FUSE: Unifying Spectral and Semantic Cues for Robust AI-Generated Image Detection
This addresses the need for reliable detection of AI-generated images, which is crucial for security and media integrity, representing a strong specific gain in the field.
The paper tackled the problem of detecting AI-generated images by introducing FUSE, a hybrid system that combines spectral and semantic features, achieving state-of-the-art results on the Chameleon benchmark with 91.36% mean accuracy on GenImage and 88.71% accuracy across all tested generators.

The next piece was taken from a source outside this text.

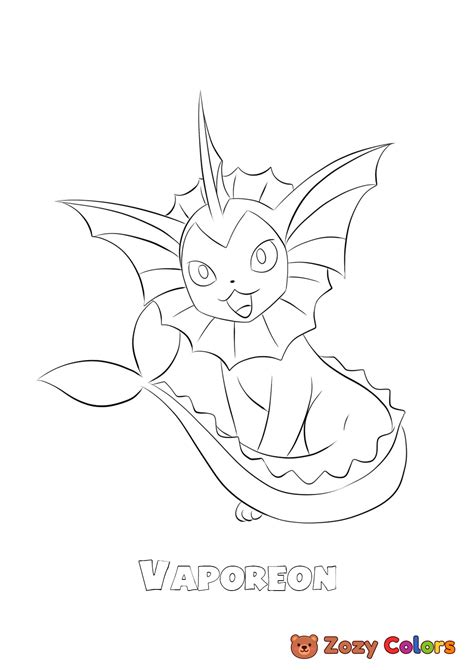 Free 134 Vaporeon Coloring Page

The fast evolution of generative models has heightened the demand for reliable detection of AI-generated images. To tackle this challenge, we introduce FUSE, a hybrid system that combines spectral features extracted through Fast Fourier Transform with semantic features obtained from the CLIP's Vision encoder. The features are fused into a joint representation and trained progressively in two stages. Evaluations on GenImage, WildFake, DiTFake, GPT-ImgEval and Chameleon datasets demonstrate strong generalization across multiple generators. Our FUSE (Stage 1) model demonstrates state-of-the-art results on the Chameleon benchmark. It also attains 91.36% mean accuracy on the GenImage dataset, 88.71% accuracy across all tested generators, and a mean Average Precision of 94.96%. Stage 2 training further improves performance for most generators. Unlike existing methods, which often perform poorly on high-fidelity images in Chameleon, our approach maintains robustness across diverse generators. These findings highlight the benefits of integrating spectral and semantic features for generalized detection of images generated by AI.